**PROBLEM DESCRIPTION**:
Search the material for the string "Opel" and copy each line where it occurs.

**TASK MATERIAL**:
((
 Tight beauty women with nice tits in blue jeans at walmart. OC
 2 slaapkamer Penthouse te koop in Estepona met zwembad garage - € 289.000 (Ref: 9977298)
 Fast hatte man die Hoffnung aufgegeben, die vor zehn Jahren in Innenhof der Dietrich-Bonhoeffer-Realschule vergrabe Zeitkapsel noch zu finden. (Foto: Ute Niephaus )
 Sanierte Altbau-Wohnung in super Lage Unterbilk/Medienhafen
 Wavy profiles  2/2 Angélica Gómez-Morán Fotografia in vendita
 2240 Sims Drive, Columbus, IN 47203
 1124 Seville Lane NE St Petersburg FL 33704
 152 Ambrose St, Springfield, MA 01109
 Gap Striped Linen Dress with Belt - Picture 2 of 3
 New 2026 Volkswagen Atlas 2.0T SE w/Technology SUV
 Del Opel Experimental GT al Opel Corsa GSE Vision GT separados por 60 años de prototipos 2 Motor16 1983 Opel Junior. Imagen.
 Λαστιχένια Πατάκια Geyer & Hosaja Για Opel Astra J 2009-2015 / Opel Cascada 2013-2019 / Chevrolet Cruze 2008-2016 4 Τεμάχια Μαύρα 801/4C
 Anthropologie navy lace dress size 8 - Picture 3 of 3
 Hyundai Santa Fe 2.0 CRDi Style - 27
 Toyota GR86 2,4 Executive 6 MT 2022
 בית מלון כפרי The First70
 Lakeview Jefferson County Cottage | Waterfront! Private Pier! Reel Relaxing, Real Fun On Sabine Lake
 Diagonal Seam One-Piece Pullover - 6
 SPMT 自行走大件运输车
))
**TASK RESULT**:
 Del Opel Experimental GT al Opel Corsa GSE Vision GT separados por 60 años de prototipos 2 Motor16 1983 Opel Junior. Imagen.
 Λαστιχένια Πατάκια Geyer & Hosaja Για Opel Astra J 2009-2015 / Opel Cascada 2013-2019 / Chevrolet Cruze 2008-2016 4 Τεμάχια Μαύρα 801/4C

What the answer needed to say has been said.